**Task prompt**
Transcribe the data exactly, stopping after the "Gentian Blue Metallic" line.

++++++

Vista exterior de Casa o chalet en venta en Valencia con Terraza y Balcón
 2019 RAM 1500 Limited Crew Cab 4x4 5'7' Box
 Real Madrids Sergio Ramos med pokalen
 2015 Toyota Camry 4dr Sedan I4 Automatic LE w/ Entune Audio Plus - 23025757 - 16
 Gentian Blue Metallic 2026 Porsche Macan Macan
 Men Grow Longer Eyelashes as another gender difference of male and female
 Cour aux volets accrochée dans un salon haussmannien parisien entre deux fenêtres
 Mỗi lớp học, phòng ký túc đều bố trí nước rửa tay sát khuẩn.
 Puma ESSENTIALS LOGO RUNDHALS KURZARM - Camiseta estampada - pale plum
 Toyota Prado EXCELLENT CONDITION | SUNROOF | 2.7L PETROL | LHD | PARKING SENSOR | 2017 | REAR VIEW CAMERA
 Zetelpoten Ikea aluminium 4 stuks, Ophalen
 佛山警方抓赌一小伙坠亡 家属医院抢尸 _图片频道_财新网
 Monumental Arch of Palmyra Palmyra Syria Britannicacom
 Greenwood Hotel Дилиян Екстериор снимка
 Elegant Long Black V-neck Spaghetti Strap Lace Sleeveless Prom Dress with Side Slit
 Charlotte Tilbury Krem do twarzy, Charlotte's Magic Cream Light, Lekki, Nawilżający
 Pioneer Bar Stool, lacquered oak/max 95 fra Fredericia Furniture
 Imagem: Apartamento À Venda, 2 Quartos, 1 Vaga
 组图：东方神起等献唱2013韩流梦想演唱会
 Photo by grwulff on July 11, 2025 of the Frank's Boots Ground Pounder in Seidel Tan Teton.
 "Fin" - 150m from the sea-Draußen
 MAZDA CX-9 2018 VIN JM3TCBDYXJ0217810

++++++

**Output for this task**
Vista exterior de Casa o chalet en venta en Valencia con Terraza y Balcón
 2019 RAM 1500 Limited Crew Cab 4x4 5'7' Box
 Real Madrids Sergio Ramos med pokalen
 2015 Toyota Camry 4dr Sedan I4 Automatic LE w/ Entune Audio Plus - 23025757 - 16
 Gentian Blue Metallic 2026 Porsche Macan Macan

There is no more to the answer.